> _ABOUT THIS TASK_
Exact copies of all the lines below are required.

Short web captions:
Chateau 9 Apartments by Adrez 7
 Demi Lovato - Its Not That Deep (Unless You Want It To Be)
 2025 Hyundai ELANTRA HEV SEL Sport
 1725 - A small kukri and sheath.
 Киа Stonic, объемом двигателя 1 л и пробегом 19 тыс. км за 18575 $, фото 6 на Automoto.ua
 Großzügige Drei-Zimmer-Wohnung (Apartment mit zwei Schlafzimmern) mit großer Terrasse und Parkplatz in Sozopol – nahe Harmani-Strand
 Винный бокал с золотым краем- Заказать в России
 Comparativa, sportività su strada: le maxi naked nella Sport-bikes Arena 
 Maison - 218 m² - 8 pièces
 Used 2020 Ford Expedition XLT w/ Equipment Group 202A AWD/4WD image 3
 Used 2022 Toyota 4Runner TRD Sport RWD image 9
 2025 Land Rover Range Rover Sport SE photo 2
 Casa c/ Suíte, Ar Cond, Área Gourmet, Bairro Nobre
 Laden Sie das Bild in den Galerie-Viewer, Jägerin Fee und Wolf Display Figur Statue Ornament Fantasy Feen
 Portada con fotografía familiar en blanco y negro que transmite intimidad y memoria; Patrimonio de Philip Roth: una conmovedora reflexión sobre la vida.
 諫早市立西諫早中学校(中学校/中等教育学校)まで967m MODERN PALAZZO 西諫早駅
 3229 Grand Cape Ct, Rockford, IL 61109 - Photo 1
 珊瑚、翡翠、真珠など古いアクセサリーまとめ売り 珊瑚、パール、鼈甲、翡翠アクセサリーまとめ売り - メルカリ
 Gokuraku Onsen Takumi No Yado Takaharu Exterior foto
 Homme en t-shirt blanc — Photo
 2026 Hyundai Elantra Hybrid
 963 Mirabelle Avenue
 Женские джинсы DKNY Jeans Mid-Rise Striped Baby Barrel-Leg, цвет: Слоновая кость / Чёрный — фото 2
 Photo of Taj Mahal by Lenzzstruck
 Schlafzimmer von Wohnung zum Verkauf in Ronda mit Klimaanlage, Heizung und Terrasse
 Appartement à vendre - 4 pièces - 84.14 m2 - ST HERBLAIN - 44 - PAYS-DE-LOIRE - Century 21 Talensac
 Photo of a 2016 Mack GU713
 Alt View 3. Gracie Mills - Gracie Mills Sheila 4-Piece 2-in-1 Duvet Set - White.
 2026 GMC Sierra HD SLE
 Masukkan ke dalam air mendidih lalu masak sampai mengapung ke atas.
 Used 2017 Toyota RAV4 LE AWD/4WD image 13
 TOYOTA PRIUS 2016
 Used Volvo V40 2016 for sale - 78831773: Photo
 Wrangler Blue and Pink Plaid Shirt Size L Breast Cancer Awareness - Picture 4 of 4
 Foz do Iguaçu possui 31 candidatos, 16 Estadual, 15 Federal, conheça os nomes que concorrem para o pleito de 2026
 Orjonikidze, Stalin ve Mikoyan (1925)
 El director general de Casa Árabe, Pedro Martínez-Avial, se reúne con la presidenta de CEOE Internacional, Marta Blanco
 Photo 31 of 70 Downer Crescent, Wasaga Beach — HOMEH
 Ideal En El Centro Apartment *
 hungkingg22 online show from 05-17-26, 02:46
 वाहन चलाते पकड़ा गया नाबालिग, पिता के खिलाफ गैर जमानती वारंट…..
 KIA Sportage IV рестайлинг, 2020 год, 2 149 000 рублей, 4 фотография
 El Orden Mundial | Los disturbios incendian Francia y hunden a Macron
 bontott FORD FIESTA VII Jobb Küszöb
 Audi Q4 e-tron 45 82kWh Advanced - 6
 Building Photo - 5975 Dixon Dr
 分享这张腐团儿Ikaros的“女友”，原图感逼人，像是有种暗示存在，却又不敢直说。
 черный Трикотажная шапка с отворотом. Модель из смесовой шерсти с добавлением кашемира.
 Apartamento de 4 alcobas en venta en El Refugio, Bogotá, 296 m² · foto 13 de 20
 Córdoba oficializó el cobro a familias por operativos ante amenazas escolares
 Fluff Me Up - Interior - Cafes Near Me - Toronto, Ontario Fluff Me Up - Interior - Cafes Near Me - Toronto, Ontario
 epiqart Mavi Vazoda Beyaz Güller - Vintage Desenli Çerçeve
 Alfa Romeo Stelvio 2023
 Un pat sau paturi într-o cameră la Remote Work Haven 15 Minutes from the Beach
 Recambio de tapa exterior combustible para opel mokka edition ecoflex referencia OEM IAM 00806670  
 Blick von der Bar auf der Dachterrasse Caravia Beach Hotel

> _RESPONSE TO THIS EXERCISE_
Chateau 9 Apartments by Adrez 7
 Demi Lovato - Its Not That Deep (Unless You Want It To Be)
 2025 Hyundai ELANTRA HEV SEL Sport
 1725 - A small kukri and sheath.
 Киа Stonic, объемом двигателя 1 л и пробегом 19 тыс. км за 18575 $, фото 6 на Automoto.ua
 Großzügige Drei-Zimmer-Wohnung (Apartment mit zwei Schlafzimmern) mit großer Terrasse und Parkplatz in Sozopol – nahe Harmani-Strand
 Винный бокал с золотым краем- Заказать в России
 Comparativa, sportività su strada: le maxi naked nella Sport-bikes Arena 
 Maison - 218 m² - 8 pièces
 Used 2020 Ford Expedition XLT w/ Equipment Group 202A AWD/4WD image 3
 Used 2022 Toyota 4Runner TRD Sport RWD image 9
 2025 Land Rover Range Rover Sport SE photo 2
 Casa c/ Suíte, Ar Cond, Área Gourmet, Bairro Nobre
 Laden Sie das Bild in den Galerie-Viewer, Jägerin Fee und Wolf Display Figur Statue Ornament Fantasy Feen
 Portada con fotografía familiar en blanco y negro que transmite intimidad y memoria; Patrimonio de Philip Roth: una conmovedora reflexión sobre la vida.
 諫早市立西諫早中学校(中学校/中等教育学校)まで967m MODERN PALAZZO 西諫早駅
 3229 Grand Cape Ct, Rockford, IL 61109 - Photo 1
 珊瑚、翡翠、真珠など古いアクセサリーまとめ売り 珊瑚、パール、鼈甲、翡翠アクセサリーまとめ売り - メルカリ
 Gokuraku Onsen Takumi No Yado Takaharu Exterior foto
 Homme en t-shirt blanc — Photo
 2026 Hyundai Elantra Hybrid
 963 Mirabelle Avenue
 Женские джинсы DKNY Jeans Mid-Rise Striped Baby Barrel-Leg, цвет: Слоновая кость / Чёрный — фото 2
 Photo of Taj Mahal by Lenzzstruck
 Schlafzimmer von Wohnung zum Verkauf in Ronda mit Klimaanlage, Heizung und Terrasse
 Appartement à vendre - 4 pièces - 84.14 m2 - ST HERBLAIN - 44 - PAYS-DE-LOIRE - Century 21 Talensac
 Photo of a 2016 Mack GU713
 Alt View 3. Gracie Mills - Gracie Mills Sheila 4-Piece 2-in-1 Duvet Set - White.
 2026 GMC Sierra HD SLE
 Masukkan ke dalam air mendidih lalu masak sampai mengapung ke atas.
 Used 2017 Toyota RAV4 LE AWD/4WD image 13
 TOYOTA PRIUS 2016
 Used Volvo V40 2016 for sale - 78831773: Photo
 Wrangler Blue and Pink Plaid Shirt Size L Breast Cancer Awareness - Picture 4 of 4
 Foz do Iguaçu possui 31 candidatos, 16 Estadual, 15 Federal, conheça os nomes que concorrem para o pleito de 2026
 Orjonikidze, Stalin ve Mikoyan (1925)
 El director general de Casa Árabe, Pedro Martínez-Avial, se reúne con la presidenta de CEOE Internacional, Marta Blanco
 Photo 31 of 70 Downer Crescent, Wasaga Beach — HOMEH
 Ideal En El Centro Apartment *
 hungkingg22 online show from 05-17-26, 02:46
 वाहन चलाते पकड़ा गया नाबालिग, पिता के खिलाफ गैर जमानती वारंट…..
 KIA Sportage IV рестайлинг, 2020 год, 2 149 000 рублей, 4 фотография
 El Orden Mundial | Los disturbios incendian Francia y hunden a Macron
 bontott FORD FIESTA VII Jobb Küszöb
 Audi Q4 e-tron 45 82kWh Advanced - 6
 Building Photo - 5975 Dixon Dr
 分享这张腐团儿Ikaros的“女友”，原图感逼人，像是有种暗示存在，却又不敢直说。
 черный Трикотажная шапка с отворотом. Модель из смесовой шерсти с добавлением кашемира.
 Apartamento de 4 alcobas en venta en El Refugio, Bogotá, 296 m² · foto 13 de 20
 Córdoba oficializó el cobro a familias por operativos ante amenazas escolares
 Fluff Me Up - Interior - Cafes Near Me - Toronto, Ontario Fluff Me Up - Interior - Cafes Near Me - Toronto, Ontario
 epiqart Mavi Vazoda Beyaz Güller - Vintage Desenli Çerçeve
 Alfa Romeo Stelvio 2023
 Un pat sau paturi într-o cameră la Remote Work Haven 15 Minutes from the Beach
 Recambio de tapa exterior combustible para opel mokka edition ecoflex referencia OEM IAM 00806670  
 Blick von der Bar auf der Dachterrasse Caravia Beach Hotel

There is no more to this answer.